I have addressed you, Sir, with openness & candour—and I hope with respect; requesting to be informed whether your determination to reverse the order of the three Major Generals is final—and whether you mean to appoint another Adjutant General without my concurrence. With the greatest respect & consideration I have the honor to be Sir, Your Most Obedient and Most Humble Servant

Go: Washington

ALS, MHi: Adams Papers; ALS (letterpress copy), DLC:GW; ADfS, DLC:GW; extract, DLC: Hamilton Papers. GW sent his draft of the letter, which he characterizes as a “rough draught,” to James McHenry on 26 September. McHenry returned the draft to GW on 2 Oct. and urged GW to send the letter to Adams, which he did.

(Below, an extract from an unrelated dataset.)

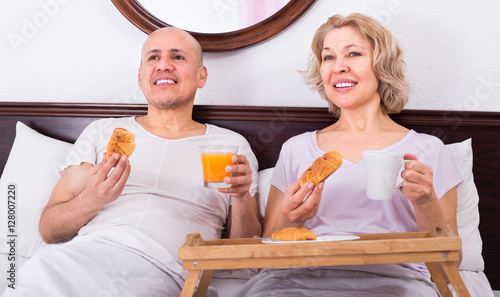 Mature couple having breakfast in bed. photo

Adams received the letter in Quincy on 8 Oct. and replied the next day. The draft has many strike-outs and interlineations, all in GW’s hand. GW’s emendations seem to have been made for the sake of clarity, precision, or nicety of style. Hamilton’s clerk, Philip Church, in 1818 wrote below the extract: “copied from the original by myself, at the desire of General Hamilton.”

1For a summary of the controversy over the ranking of the three major generals under GW, see GW to Alexander Hamilton, 14 July, n.5.

3For the terms of the acts to create twelve additional regiments for the regular army and to provide for the possible creation of a Provisional Army, see McHenry to GW, 3 July, n.1.

4GW is referring to John Sevier and Anthony Walton White. See James McHenry to GW, 19 Sept., and note 5 of that document.

6GW struck out most of his first version of this paragraph.

8GW’s letters to Henry Knox are dated 16 July and 9 August.